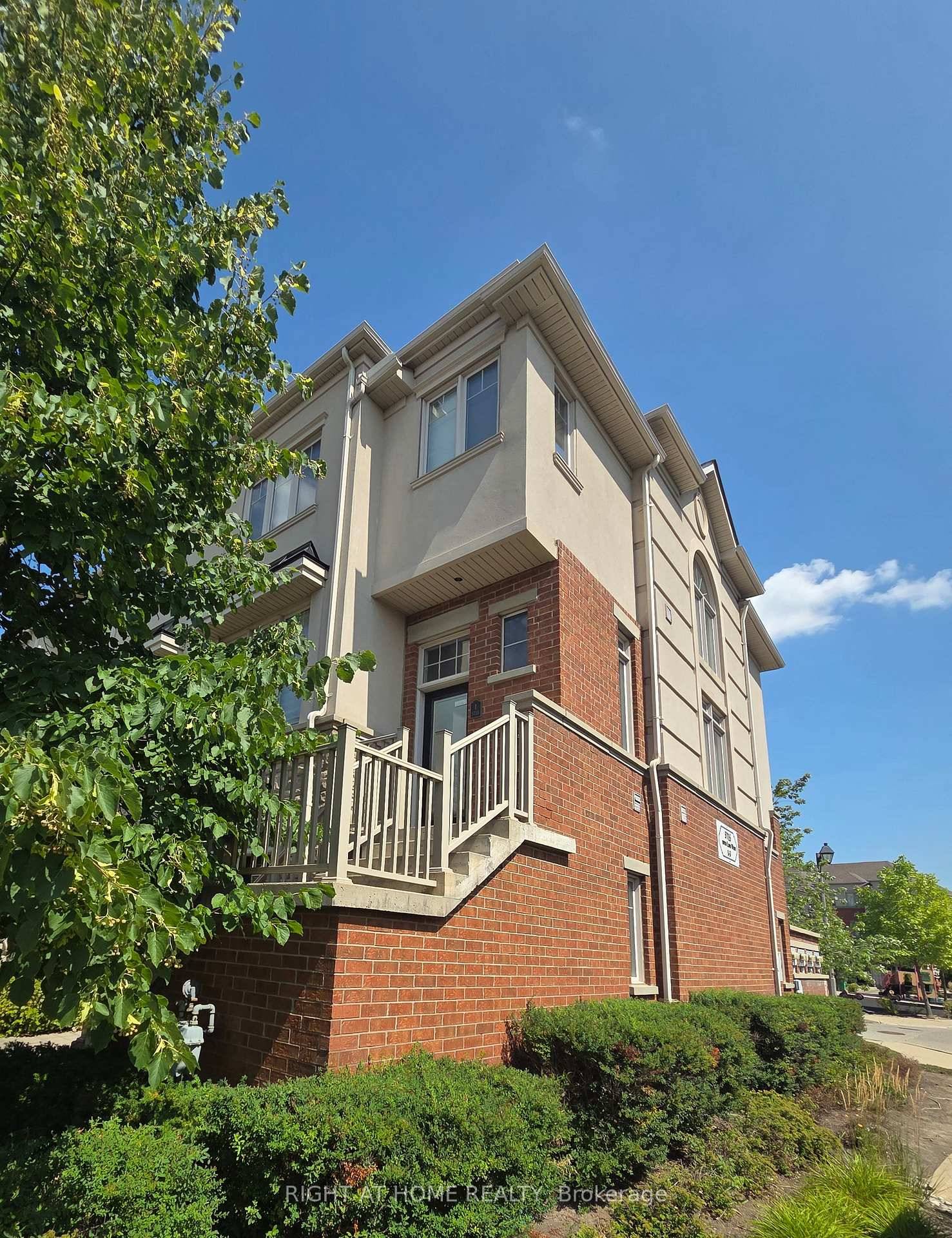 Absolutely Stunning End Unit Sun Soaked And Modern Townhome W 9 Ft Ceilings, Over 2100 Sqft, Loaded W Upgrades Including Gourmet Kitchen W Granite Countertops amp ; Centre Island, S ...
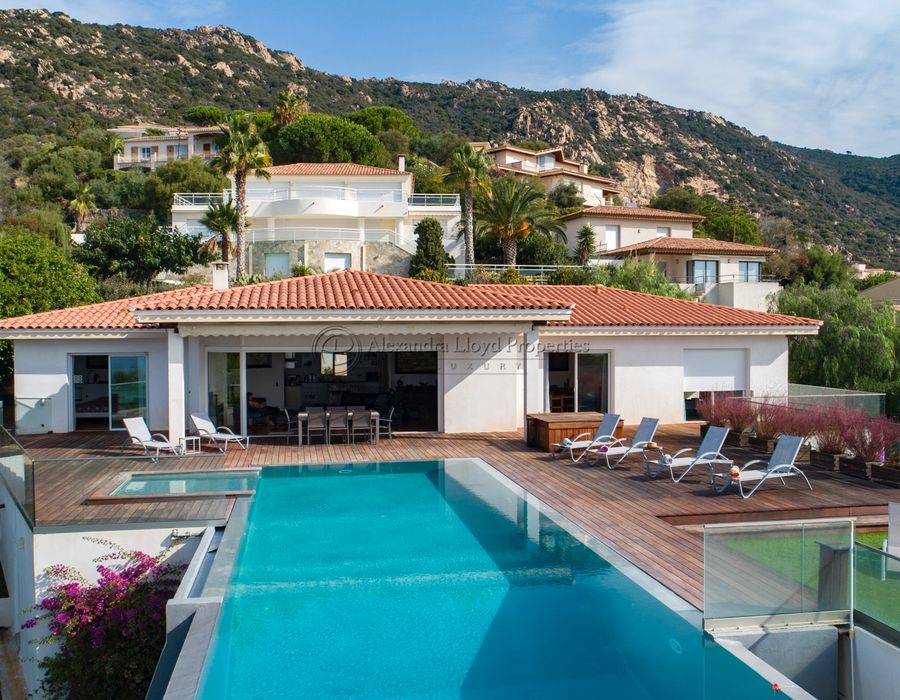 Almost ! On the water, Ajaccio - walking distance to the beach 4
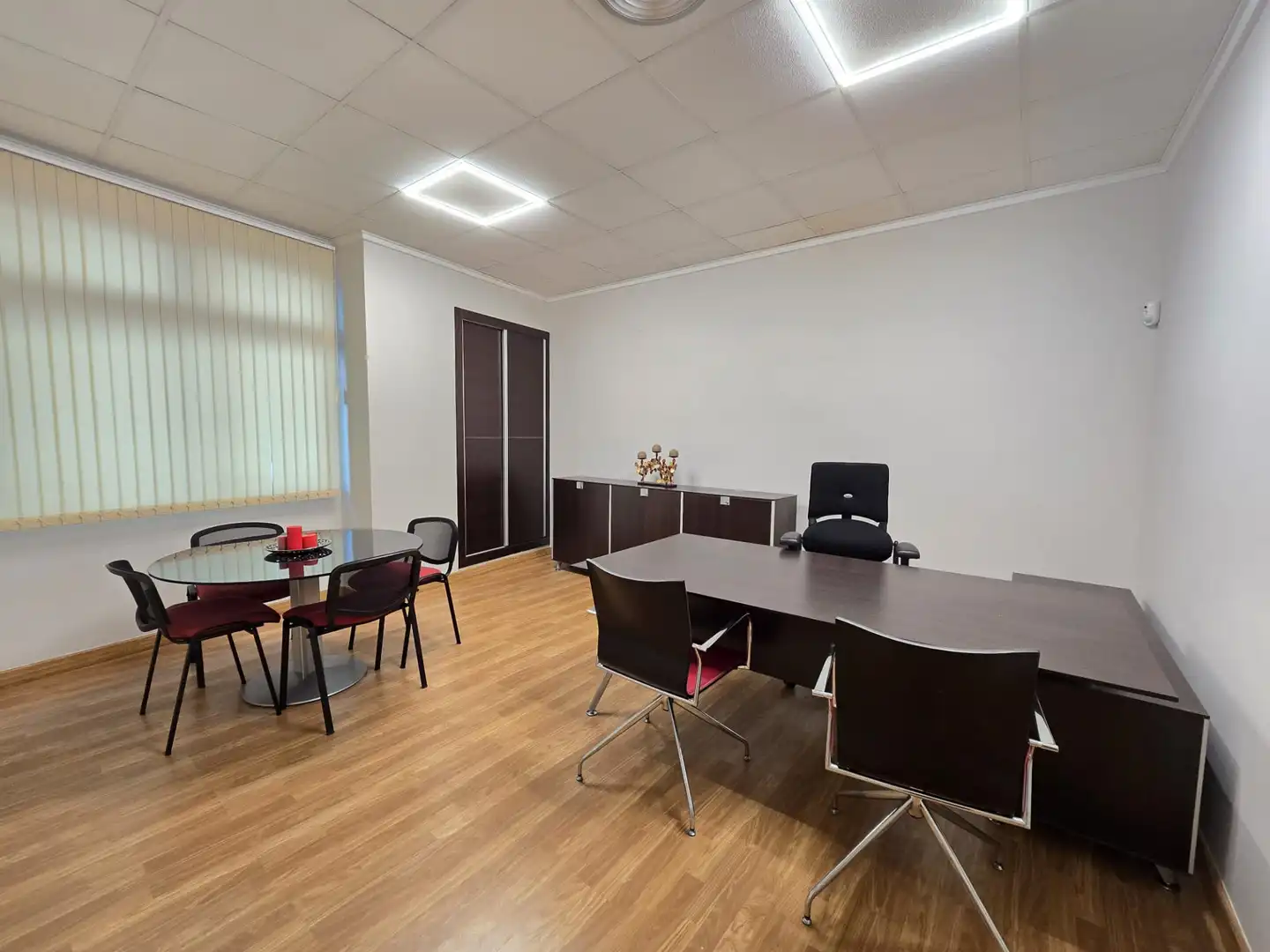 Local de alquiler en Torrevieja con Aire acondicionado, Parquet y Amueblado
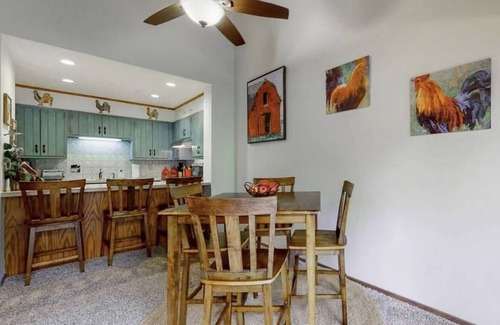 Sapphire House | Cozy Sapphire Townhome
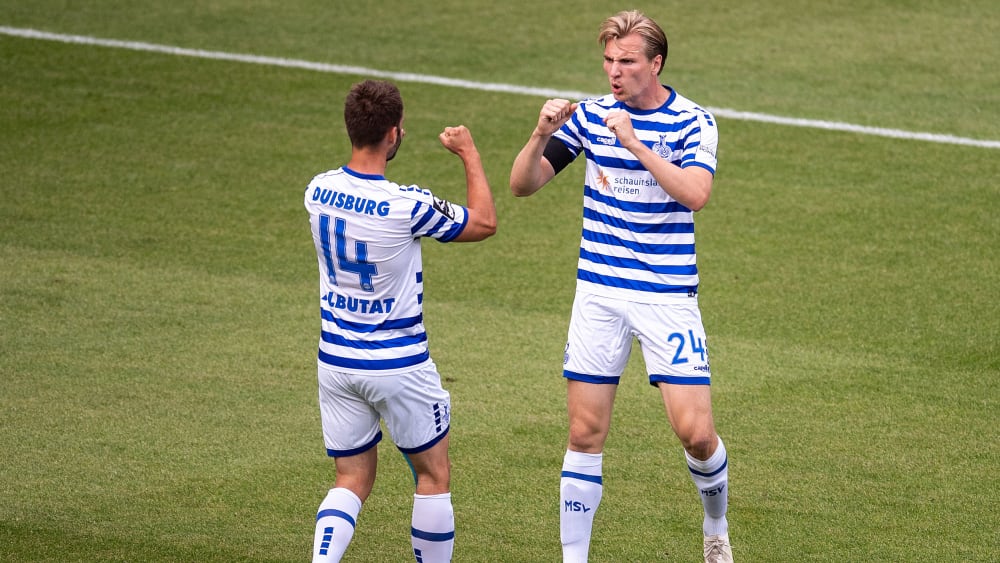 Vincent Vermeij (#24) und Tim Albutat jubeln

· · ·

#### Prompt
Restate the data word for word while omitting each picture.

#### Answer section
 Absolutely Stunning End Unit Sun Soaked And Modern Townhome W 9 Ft Ceilings, Over 2100 Sqft, Loaded W Upgrades Including Gourmet Kitchen W Granite Countertops amp ; Centre Island, S ...
 Almost ! On the water, Ajaccio - walking distance to the beach 4
 Local de alquiler en Torrevieja con Aire acondicionado, Parquet y Amueblado
 Sapphire House | Cozy Sapphire Townhome
 Vincent Vermeij (#24) und Tim Albutat jubeln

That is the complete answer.